JUN 13, 2017

How old are the oldest living things in the world?

WRITTEN BY: Kathryn DeMuth Sullivan

The longest documented human life was that of 122 year old Jeanne Calment, who lived from 1875-1997. That may seem like an unimaginable life span - and it is, if you consider all the world events and global development that she lived through - but compared to the oldest living tree, Jeanne's life was but a drop of water in the ocean. A bristle cone pine that lived up until just four years ago in the White Mountains in California, this tree was a sapling in roughly 3,000 B.C., making it 4,845 years old! Talk about a long life!

Plants make up the majority of the oldest living creatures because they're very good at making resources last, especially in places that would seem particularly unappealing to other species. Map lichens in the freezing cold of Greenland who are up to 3,000 years old, yucca and creosote bushes in the Mojave Desert that last up to 12,000 years, llareta in Chile's Atacama Desert which has lived for 2,000 years (mostly without precipitation). All of these plants have gotten very good at surviving in harsh conditions with very limited resources. Some animals do it pretty well though, too. Take the black coral, for instance, which has sat at the bottom of the ocean for the last 4,270 years, or the barrel sponge, which is 15,000 years old and still going.
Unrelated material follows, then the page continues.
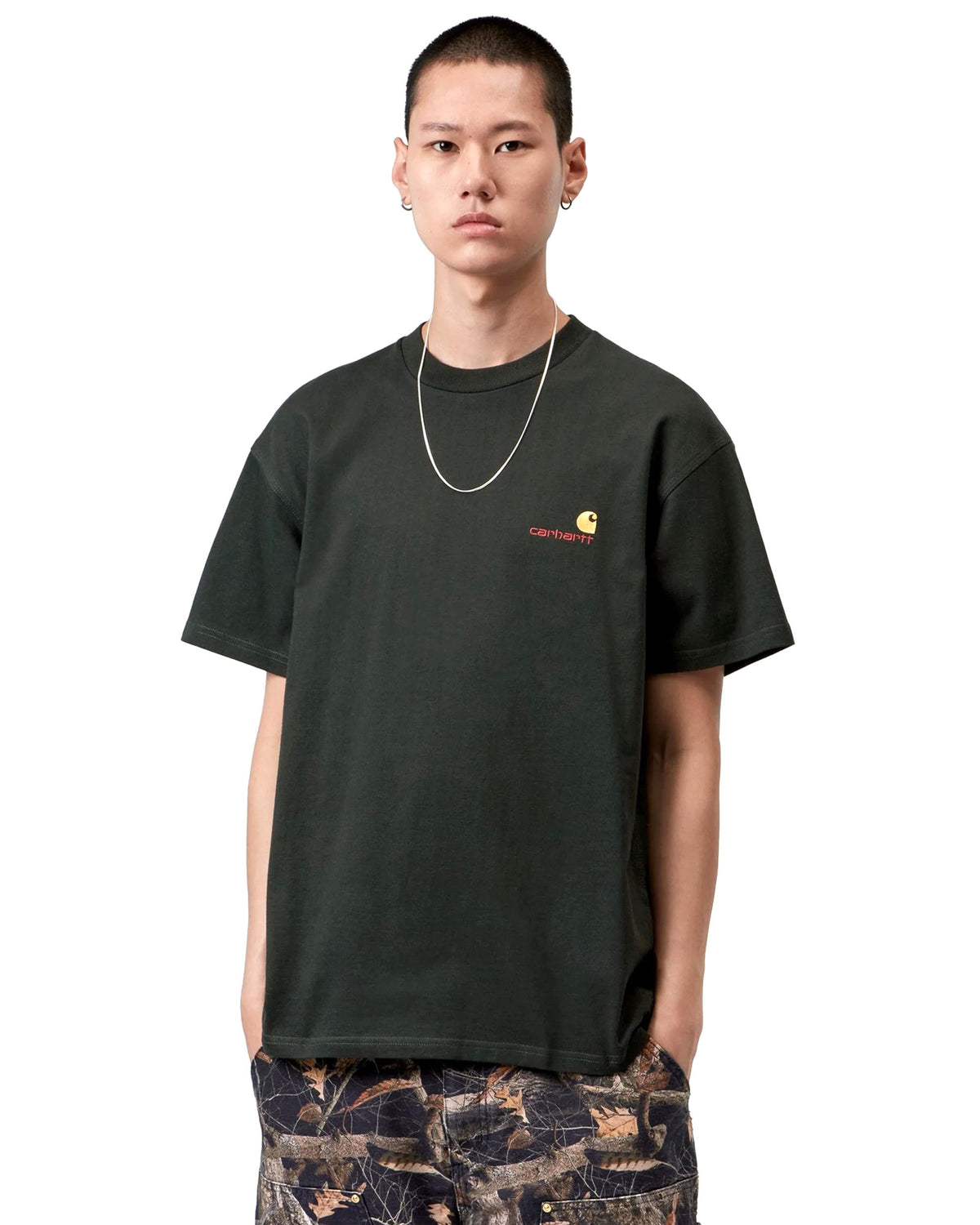 American Script T-Shirt - Raven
But that being old isn't the same as being immortal. For those long-lived individuals, death can come just as quickly as for us shorter-lived species. One of the oldest Cyprus trees in the world, dubbed The Senator, burned to the ground after 3,500 years in 2012 thanks to two men who lit a fire in her trunk. But nevertheless, these individuals have much to teach us about our planet's history, which is why studying and preserving them is so important.